Evelyn Hancock v. City of Oklahoma City, a Municipal Corporation

857 F.2d 1394, 12 Fed. R. Serv. 3d 1029, 1988 U.S. App. LEXIS 13023, 47 Empl. Prac. Dec. (CCH) 38,332, 59 Fair Empl. Prac. Cas. (BNA) 1848, 1988 WL 97877
CourtCourt of Appeals for the Tenth Circuit
DecidedSeptember 23, 1988
Docket87-1232
StatusPublished
Cited by230 cases

This text of 857 F.2d 1394 (Evelyn Hancock v. City of Oklahoma City, a Municipal Corporation) is published on Counsel Stack Legal Research, covering Court of Appeals for the Tenth Circuit primary law. Counsel Stack provides free access to over 12 million legal documents including statutes, case law, regulations, and constitutions.

Bluebook
Evelyn Hancock v. City of Oklahoma City, a Municipal Corporation, 857 F.2d 1394, 12 Fed. R. Serv. 3d 1029, 1988 U.S. App. LEXIS 13023, 47 Empl. Prac. Dec. (CCH) 38,332, 59 Fair Empl. Prac. Cas. (BNA) 1848, 1988 WL 97877 (10th Cir. 1988).

Opinion

*1395 McWILLIAMS, Circuit Judge.

Evelyn Hancock, a former employee of the City of Oklahoma City, brought suit against the City in the United States District Court for the Western District of Oklahoma; seeking relief under Title VII of the Civil Rights Act of 1964, as amended, 42 U.S.C. § 2000e to 2000e-17 (1982), and also setting forth a pendant state claim based on Oklahoma’s Workers’ Compensation Law authorizing actions for wrongful retaliatory discharge. The City filed an answer and the case was set on a trial calendar.

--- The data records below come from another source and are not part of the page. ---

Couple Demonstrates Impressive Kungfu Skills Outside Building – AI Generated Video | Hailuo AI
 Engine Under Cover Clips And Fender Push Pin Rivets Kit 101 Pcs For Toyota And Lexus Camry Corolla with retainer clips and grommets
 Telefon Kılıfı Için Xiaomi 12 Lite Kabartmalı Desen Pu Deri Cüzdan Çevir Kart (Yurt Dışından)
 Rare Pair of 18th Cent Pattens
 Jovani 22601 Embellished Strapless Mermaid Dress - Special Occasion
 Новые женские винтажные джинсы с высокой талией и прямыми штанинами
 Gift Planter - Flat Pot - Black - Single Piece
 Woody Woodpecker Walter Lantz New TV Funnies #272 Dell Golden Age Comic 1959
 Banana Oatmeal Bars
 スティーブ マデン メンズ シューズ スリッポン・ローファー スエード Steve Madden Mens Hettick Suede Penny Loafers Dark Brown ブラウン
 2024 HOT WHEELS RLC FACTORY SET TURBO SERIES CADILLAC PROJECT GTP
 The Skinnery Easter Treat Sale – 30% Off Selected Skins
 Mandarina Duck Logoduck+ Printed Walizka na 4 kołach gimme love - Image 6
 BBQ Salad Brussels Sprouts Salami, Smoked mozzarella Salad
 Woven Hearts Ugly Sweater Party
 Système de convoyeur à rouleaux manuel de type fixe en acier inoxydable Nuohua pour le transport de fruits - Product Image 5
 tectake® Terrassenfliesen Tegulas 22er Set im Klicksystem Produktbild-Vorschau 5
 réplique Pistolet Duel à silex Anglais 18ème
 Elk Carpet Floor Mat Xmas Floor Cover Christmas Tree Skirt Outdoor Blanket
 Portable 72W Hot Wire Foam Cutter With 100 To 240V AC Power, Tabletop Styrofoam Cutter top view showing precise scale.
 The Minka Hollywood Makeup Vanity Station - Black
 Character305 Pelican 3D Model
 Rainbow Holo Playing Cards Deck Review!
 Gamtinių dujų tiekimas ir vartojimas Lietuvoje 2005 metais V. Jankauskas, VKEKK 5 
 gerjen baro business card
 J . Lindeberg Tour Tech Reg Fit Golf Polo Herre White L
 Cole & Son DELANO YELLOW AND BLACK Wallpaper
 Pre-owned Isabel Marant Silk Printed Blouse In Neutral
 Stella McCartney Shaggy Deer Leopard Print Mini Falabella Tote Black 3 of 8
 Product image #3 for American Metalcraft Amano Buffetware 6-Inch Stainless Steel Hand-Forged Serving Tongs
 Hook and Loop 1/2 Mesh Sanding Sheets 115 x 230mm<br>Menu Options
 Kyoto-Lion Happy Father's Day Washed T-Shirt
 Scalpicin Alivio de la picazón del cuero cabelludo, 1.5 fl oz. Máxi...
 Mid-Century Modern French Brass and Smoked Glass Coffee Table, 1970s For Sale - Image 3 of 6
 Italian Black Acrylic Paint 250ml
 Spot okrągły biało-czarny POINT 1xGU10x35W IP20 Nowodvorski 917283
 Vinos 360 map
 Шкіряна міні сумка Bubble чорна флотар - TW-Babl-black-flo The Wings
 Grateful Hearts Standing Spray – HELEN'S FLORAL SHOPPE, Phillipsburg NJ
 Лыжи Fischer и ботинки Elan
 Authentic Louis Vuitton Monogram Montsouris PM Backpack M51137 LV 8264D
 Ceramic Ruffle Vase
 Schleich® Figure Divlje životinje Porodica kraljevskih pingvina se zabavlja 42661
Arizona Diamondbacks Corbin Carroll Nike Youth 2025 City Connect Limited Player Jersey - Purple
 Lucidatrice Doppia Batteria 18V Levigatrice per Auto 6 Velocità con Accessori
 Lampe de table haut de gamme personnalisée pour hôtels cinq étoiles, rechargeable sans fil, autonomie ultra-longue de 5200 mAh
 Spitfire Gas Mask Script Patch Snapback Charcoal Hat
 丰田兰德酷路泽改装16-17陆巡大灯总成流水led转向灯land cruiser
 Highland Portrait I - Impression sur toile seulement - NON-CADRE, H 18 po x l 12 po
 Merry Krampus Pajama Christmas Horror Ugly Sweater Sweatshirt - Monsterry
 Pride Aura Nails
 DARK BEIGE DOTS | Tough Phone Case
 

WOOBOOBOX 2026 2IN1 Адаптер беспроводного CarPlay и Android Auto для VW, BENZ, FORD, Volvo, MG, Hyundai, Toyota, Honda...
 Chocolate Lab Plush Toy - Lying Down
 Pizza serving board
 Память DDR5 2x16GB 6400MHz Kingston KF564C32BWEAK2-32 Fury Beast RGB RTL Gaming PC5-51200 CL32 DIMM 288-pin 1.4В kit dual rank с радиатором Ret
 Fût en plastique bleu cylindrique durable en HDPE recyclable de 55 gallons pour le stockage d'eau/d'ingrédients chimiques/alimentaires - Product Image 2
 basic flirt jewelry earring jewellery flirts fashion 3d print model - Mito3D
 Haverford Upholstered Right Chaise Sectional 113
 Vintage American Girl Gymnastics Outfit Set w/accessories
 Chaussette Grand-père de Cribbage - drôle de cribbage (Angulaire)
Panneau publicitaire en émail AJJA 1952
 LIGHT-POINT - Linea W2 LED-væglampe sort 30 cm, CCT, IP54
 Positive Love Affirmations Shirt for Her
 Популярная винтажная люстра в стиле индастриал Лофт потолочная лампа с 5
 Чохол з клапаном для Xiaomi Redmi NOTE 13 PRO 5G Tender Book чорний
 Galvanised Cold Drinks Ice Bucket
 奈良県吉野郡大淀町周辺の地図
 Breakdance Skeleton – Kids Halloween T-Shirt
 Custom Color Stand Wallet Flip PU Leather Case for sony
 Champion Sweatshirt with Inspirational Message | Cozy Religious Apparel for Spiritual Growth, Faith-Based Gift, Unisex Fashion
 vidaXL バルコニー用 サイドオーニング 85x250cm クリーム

By agreement of the parties, and the district court, December 22, 1986, was the deadline for filing all motions, motions in limine, proposed voir dire, requested jury instructions, and the like. By that date Hancock filed proposed voir dire, requested jury instructions, a trial brief, and proposed findings and conclusions in connection with her Title VII claims. On December 22, 1986, the City filed a motion in limine, proposed voir dire, requested jury instructions, motion to bifurcate AND a motion for summary judgment with a supporting brief.

On December 24, 1986, copies of all documents filed by the City with the court on December 22, 1986, were received in the law offices of Hancock’s counsel. Apparently there was no cover letter listing the documents thus filed with the district court, nor had counsel for the City otherwise advised Hancock’s counsel that a motion for summary judgment had been filed. Through mistake or oversight, the motion for summary judgment was not spotted by Hancock’s counsel, or employees in that office. And therein lies the root of our problem.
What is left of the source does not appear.